(Saved entries)
....
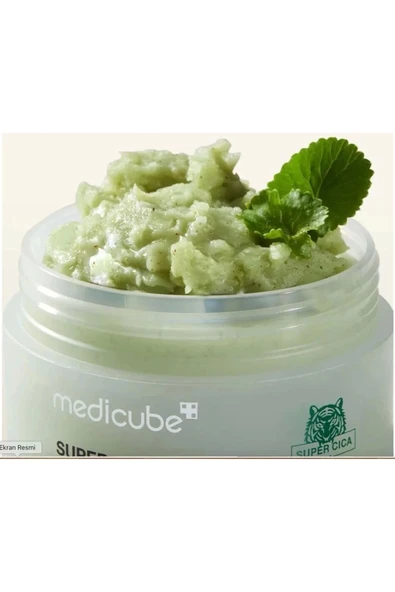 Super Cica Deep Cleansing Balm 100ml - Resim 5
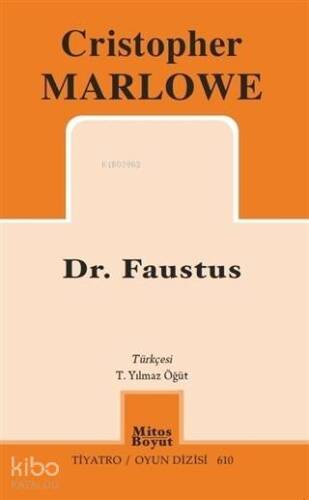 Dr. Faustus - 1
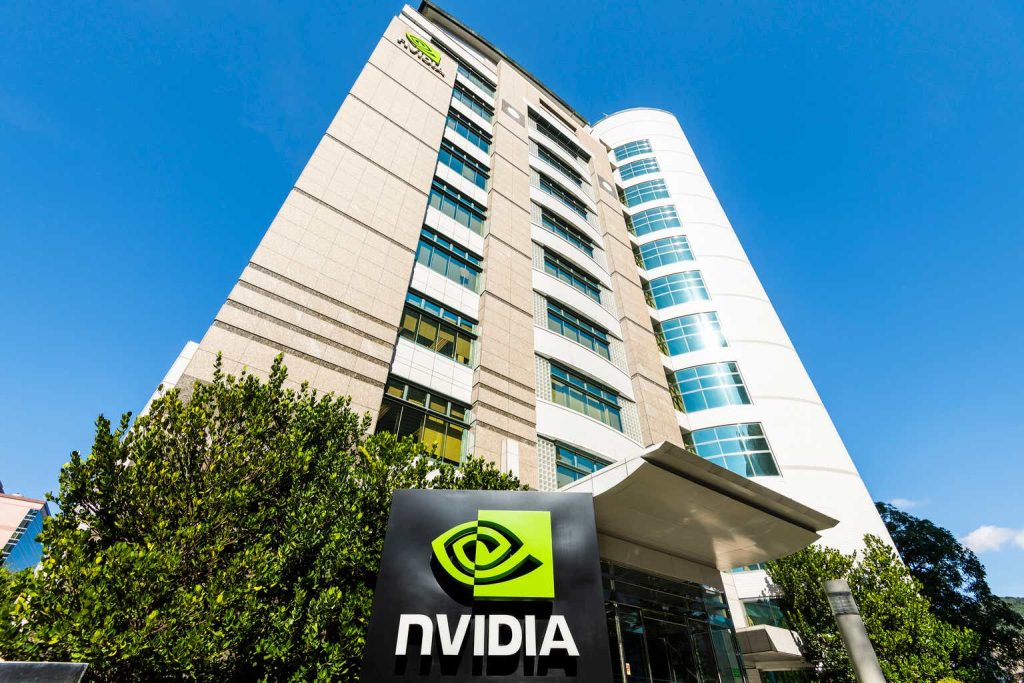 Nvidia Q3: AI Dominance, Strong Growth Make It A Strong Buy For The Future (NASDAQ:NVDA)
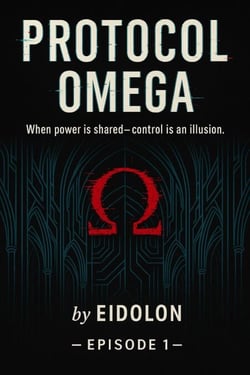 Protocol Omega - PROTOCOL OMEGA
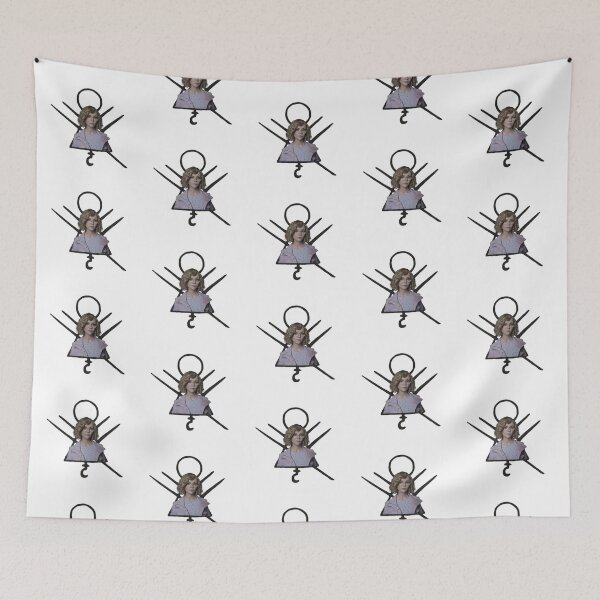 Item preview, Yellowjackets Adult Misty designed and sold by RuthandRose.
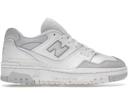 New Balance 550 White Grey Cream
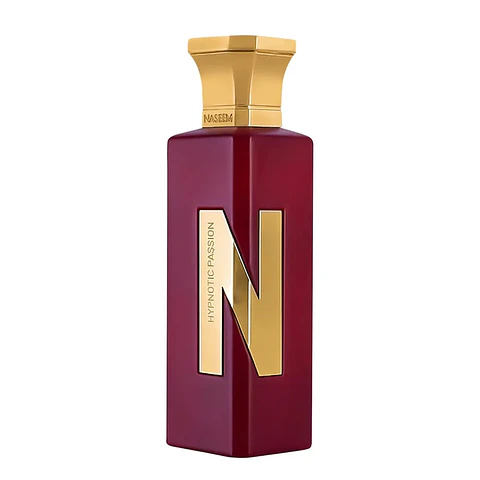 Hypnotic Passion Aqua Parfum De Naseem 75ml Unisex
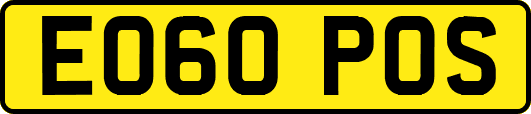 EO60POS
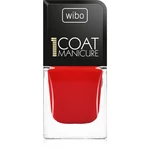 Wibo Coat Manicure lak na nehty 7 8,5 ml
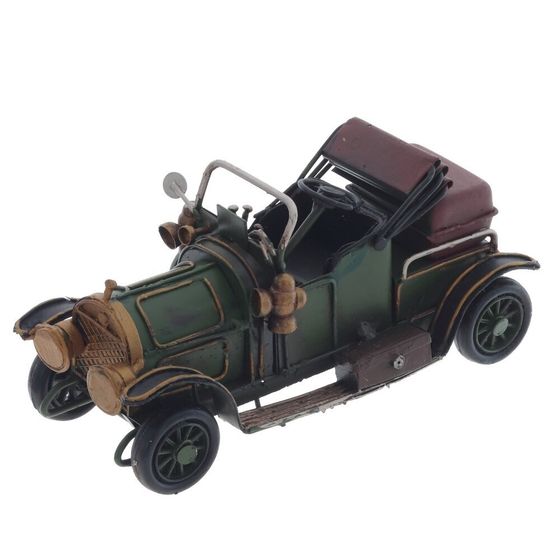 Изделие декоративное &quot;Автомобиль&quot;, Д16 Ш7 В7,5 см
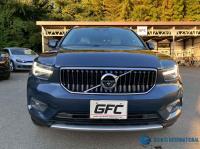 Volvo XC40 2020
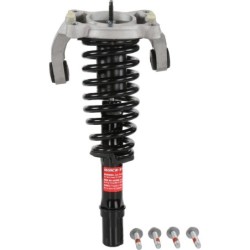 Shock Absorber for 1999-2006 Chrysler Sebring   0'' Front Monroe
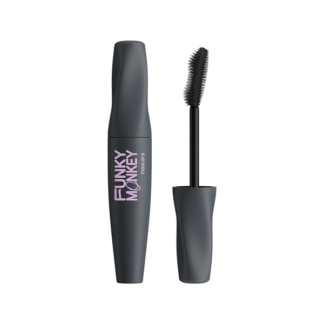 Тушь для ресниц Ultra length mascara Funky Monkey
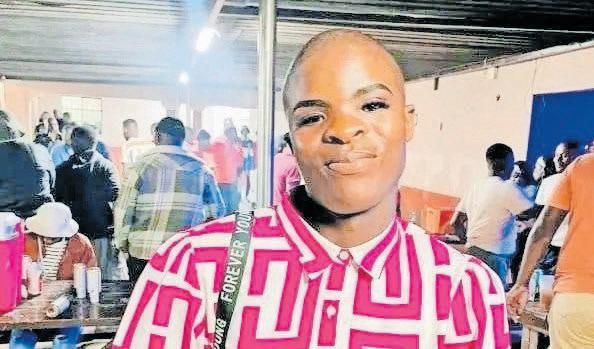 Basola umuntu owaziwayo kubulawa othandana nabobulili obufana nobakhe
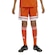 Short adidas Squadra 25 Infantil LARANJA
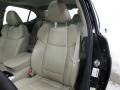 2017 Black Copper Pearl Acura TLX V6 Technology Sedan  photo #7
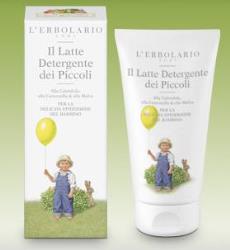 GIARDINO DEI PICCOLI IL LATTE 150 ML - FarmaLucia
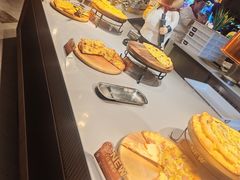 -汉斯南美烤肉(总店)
....
**Directions**. Restate the lines of the records exactly, starting at the first and stopping after the line with "New Balance 550 White Grey Cream". Leave out any picture.

**Result**.
 Super Cica Deep Cleansing Balm 100ml - Resim 5
 Dr. Faustus - 1
 Nvidia Q3: AI Dominance, Strong Growth Make It A Strong Buy For The Future (NASDAQ:NVDA)
 Protocol Omega - PROTOCOL OMEGA
 Item preview, Yellowjackets Adult Misty designed and sold by RuthandRose.
 New Balance 550 White Grey Cream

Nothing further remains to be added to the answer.